Oklahoma racist chants 'disgraceful', says university
The University of Oklahoma president has called students who took part in a videotaped racist chant "disgraceful", as he joined a pre-dawn campus rally.
"Real Sooners are not bigots," said David Boren, referring to the nickname for University of Oklahoma students.
The video, posted online by a black student group, showed fraternity members making racist chants on a bus.
The university's chapter of Sigma Alpha Epsilon has since been closed down and its members suspended.
The short clip shows people sitting on a coach bus chanting how the fraternity would never let in a black person, using a racial slur and referencing lynchings.
On Monday, students attended a rally against racism and in support of a black student group, Unheard.
Many placed post-it notes with messages of support on the organisation's door.
One student activist told CBS News: "We do not believe this is an isolated incident."

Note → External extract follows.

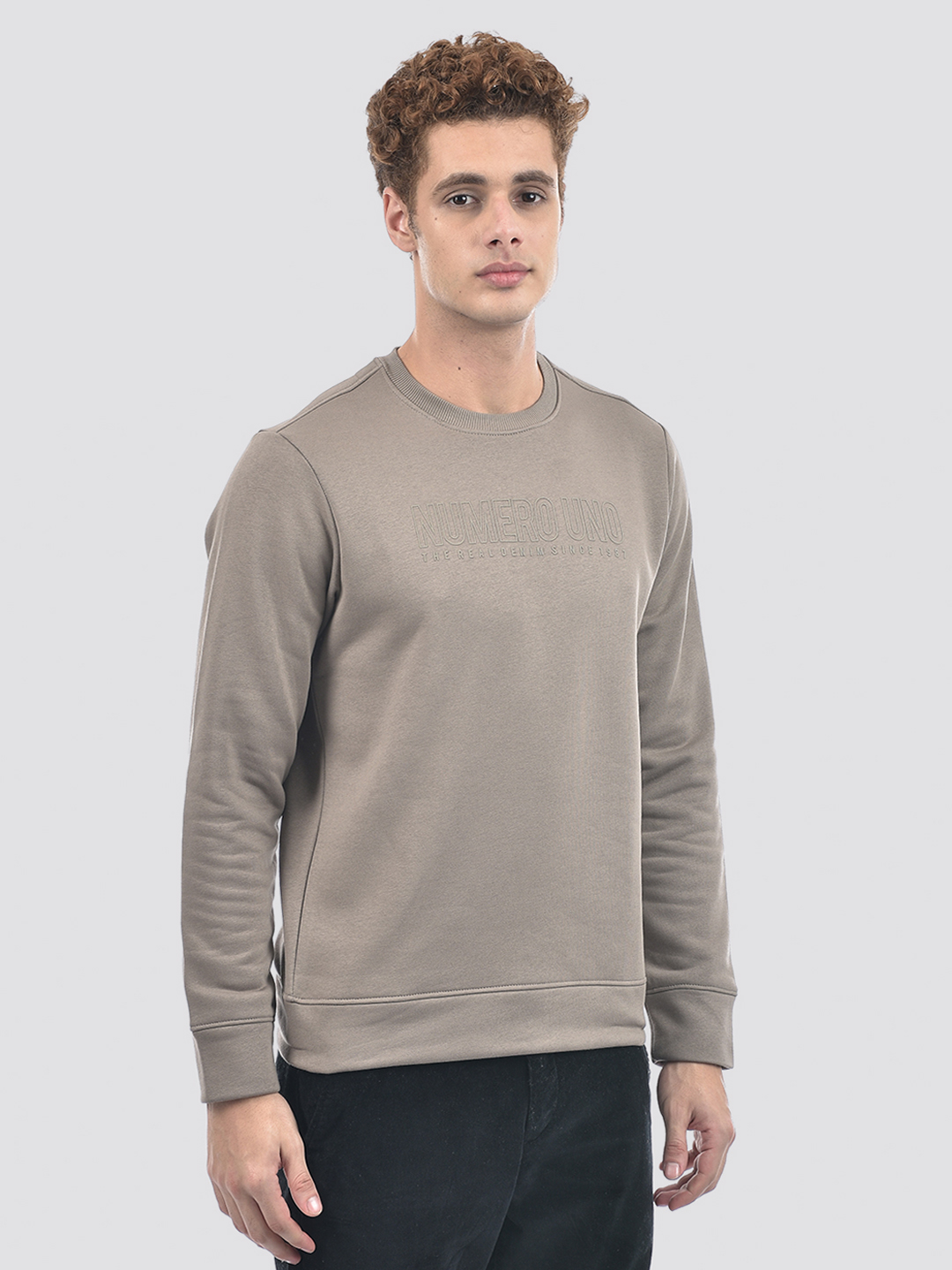 Numero Uno Men Grey Crew Neck Sweatshirt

Mr Boren, a former governor of Oklahoma and former US senator, promised an investigation.
"If OU students are involved, this behaviour will not be tolerated and will be addressed very quickly," he said.

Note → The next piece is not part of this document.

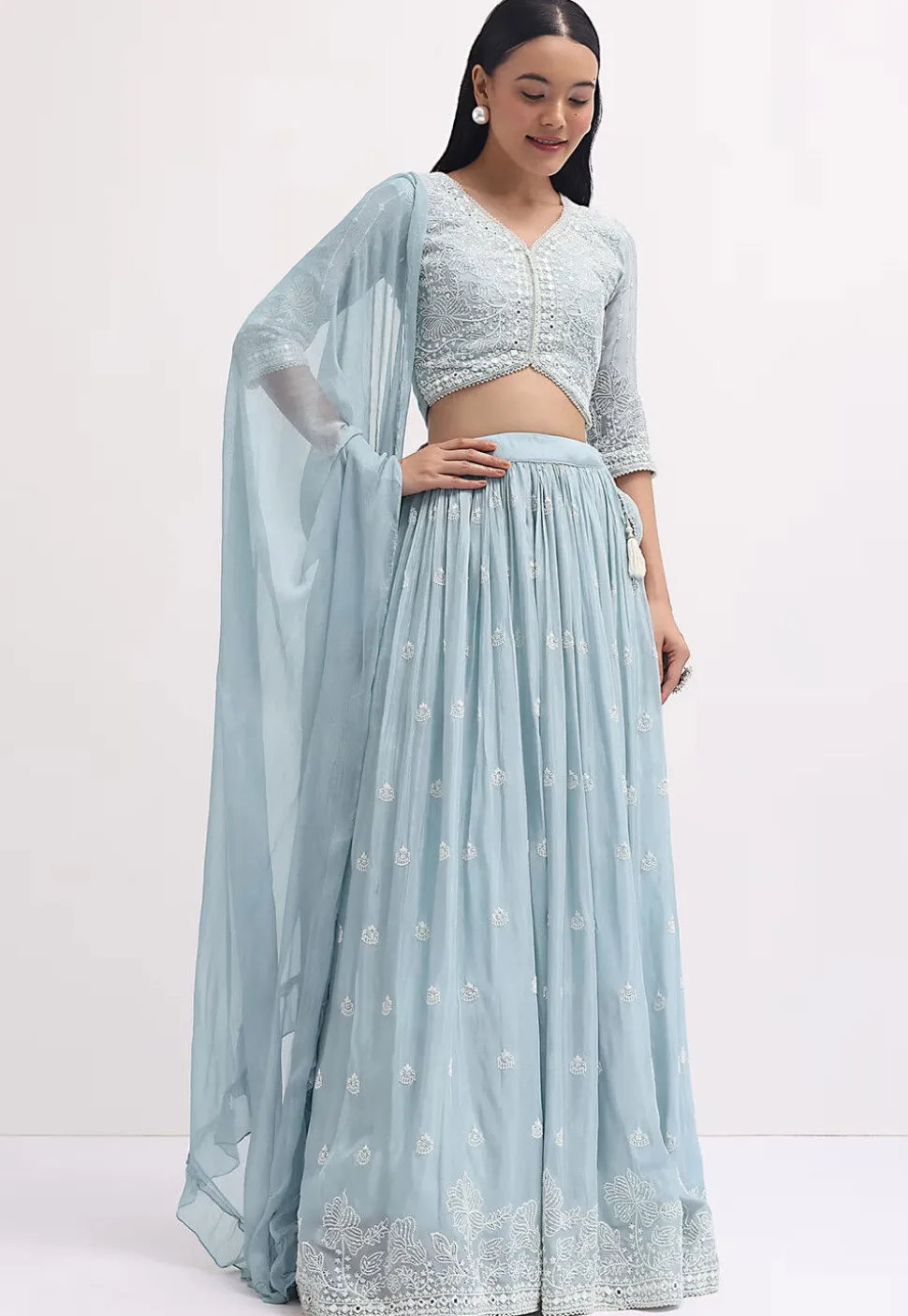 Embroidered Georgette Lehenga in Light Blue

He gave students residing in the house until midnight Tuesday (0500 GMT Wednesday) to remove their belongings.
The national fraternity released a statement on Sunday saying it was "embarrassed" by the "unacceptable and racist" behaviour.

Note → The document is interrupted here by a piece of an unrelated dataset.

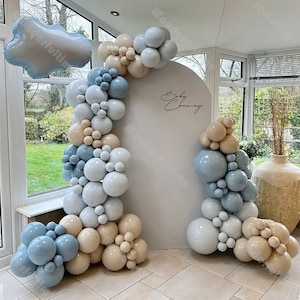 133 pezzi Palloncini Baby Shower Ghirlanda raddoppiata Palloncino blu albicocca Sfondo Genere Rivela 1 ° Compleanno Decorazioni per feste per bambini Retro Addio al nubilato
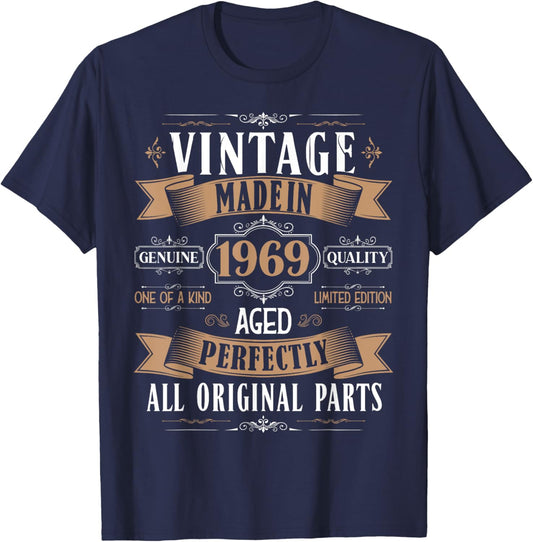 Vintage 56th birthday men Born 1969 56 years old Bday T-Shirt - T-Shirt | Navy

Sigma Alpha Epsilon's national headquarters said the Oklahoma chapter had been closed.
The fraternity also criticised the bystanders for not intervening.
About 5% of the university's students are black, and the fraternity system is largely segregated.
Fraternities are social organisations that college students, usually male, are given the option to join at many universities across America. Sororities are a similar option for female students.
Many of the groups maintain houses on campus for members to live in, instead of dormitories or apartments.